Por David
Montero
Es difícil acertar, sencillamente
porque no hay fórmula. Los grandes estudios norteamericanos,
como la Disney, contratan a los mejores creativos que encuentran
y los ponen a devanarse los sesos frente a la pantalla del ordenador,
a que traten de comprender la complicada mecánica de los
gustos y las audiencias, la irresoluble ecuación del éxito.
Sin embargo, el caos aparece con la fidelidad de las fechas en
el calendario y entonces el asunto se convierte en una arriesgada
loteria con fuertes sumas en juego. ¿Qué resultará
más rentable en este preciso momento? ¿Quieren los
niños risas contagiosas o sonrisas emocionadas?
Disney
solía acertar, pero un día se torció el camino
de la rentabilidad, apareció el ogro de la "Dreamworks"
y desde entonces los descendientes del viejo Walt andan dando
palos de ciego, esperando que un acierto los vuelva a poner en
la senda del negocio. El camino se perdió tras Aladdin.
Entonces Disney sorprendió a propios y a extraños
pasando a los secundarios a primer plano, dando el protagonismo
a un genio de la lámpara alocado, divertido e inteligentemente
ingenioso, que se colocaba incluso por encima del protagonista
Aladdin, un personaje mucho más chato y predecible. Después
llegó El Rey León y las aguas volvieron a
su cauce, de nuevo todo se basaba en un drama lírico que,
esta vez sí funcionó, a pesar de que ya se vislumbraba
el final de la gallina de los huevos de oro.
El Emperador y sus locuras
es un intento por recuperar el destino perdido, un inútil
afán por enmendar el error que se cometió hace unos
años. En este sentido, y analizando la película
fuera de todo el contexto empresarial, el filme recupera los mejores
esfuerzos de Disney. El protagonista es el Emperador Kuzco, un
joven arrogante y egocéntrico, que gobierna su reino como le parece.

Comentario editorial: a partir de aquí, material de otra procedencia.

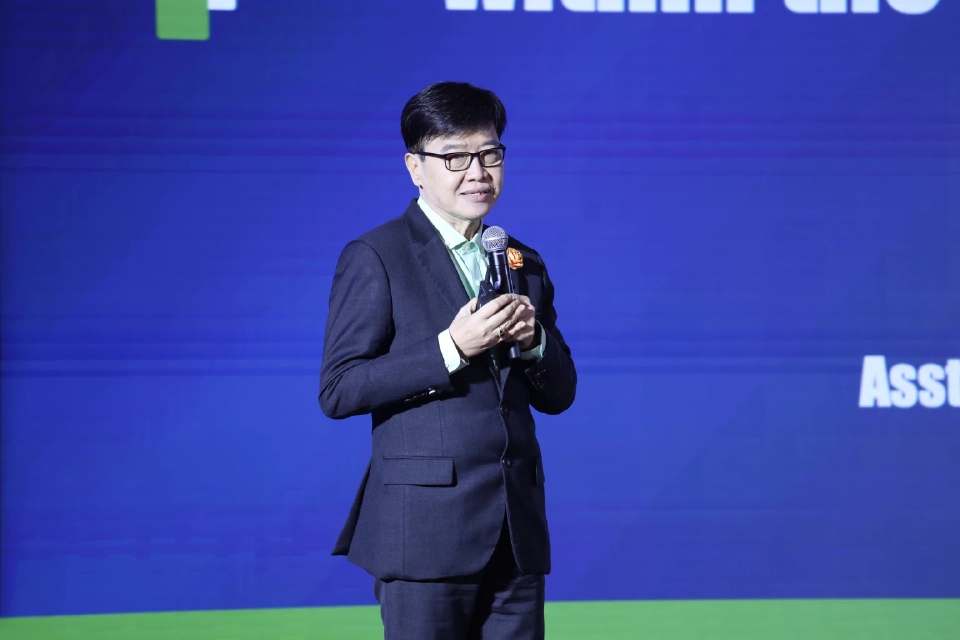 'ดร.ธีรพันธ์'ชี้ ธ.ก.ส.ต้องเป็นมากกว่าธนาคาร ผสานนวัตกรรมใหม่ๆ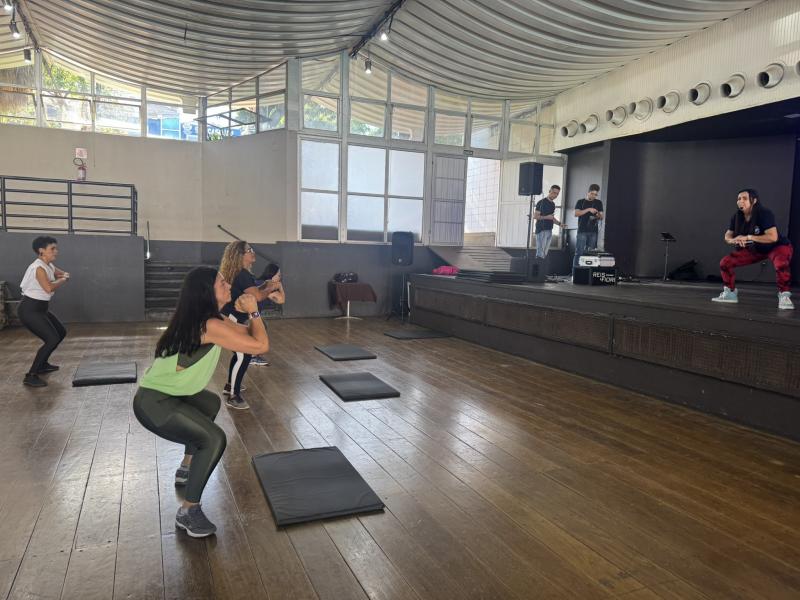 Aula de apresentação da nova grade de atividades do Tênis Clube, durante o Bom Dia TCPP, domingo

Un día su envidiosa tutora, la malvada diosa Yzma, lo convierte
en una llama ayudada por el tontorrón Kronk. Abandonado
en la jungla, la única posibilidad que tiene Kuzco de regresar
a casa y seguir gobernando reside en un bondadoso campesino llamado
Pacha. Aunque no se llevan precisamente bien, juntos emprenden
el camino de vuelta para reconquistar el poder perdido.
La reestructuración de la
película, cuando ya estaba preparada como un drama musical,
ha transformado a El Emperador y sus locuras en una comedia
atípica, en un filme divertido y bien hecho que recupera
lo mejor de Aladdin. Ciertamente, el humor que destila
El Emperador y sus locuras se asemeja más a los
"cartoons" de la Warner que al que exhibieron anteriores
secundarios de fábrica como Timón, Pumba o el cangrejo
Sebastián en La Sirenita. El argumento del filme
funciona aquí de forma exclusiva como elemento que cohesiona
una serie de hilarantes gags muy visuales. Un ejercicio de libertad
que era necesario dentro de las férreas estructuras de
la Disney.
Pero tampoco conviene engañarse:
el mensaje moralista sigue ahí, aunque en esta ocasión
el envoltorio es mucho más atractivo, la cinta no se permite
caer en el sentimentalismo barato que durante años ha sido
marca de fábrica en la empresa y recurre a la carcajada
como la principal apuesta para atraer a niños y no tan
niños. En definitiva, cuando desaparecen las estrategias
de marketing y las grandes inversiones, lo que queda tras ver
El Emperador y sus locuras es la sensación de haber
disfrutado de una película divertida, entretenida e interesante.
Quizás es verdad que hayan llegado tarde y la Dreamworks
se haya hecho ya con el pastel de la comedia infantil, pero en
favor de la cinta yo debo decir que disfrute como un enano.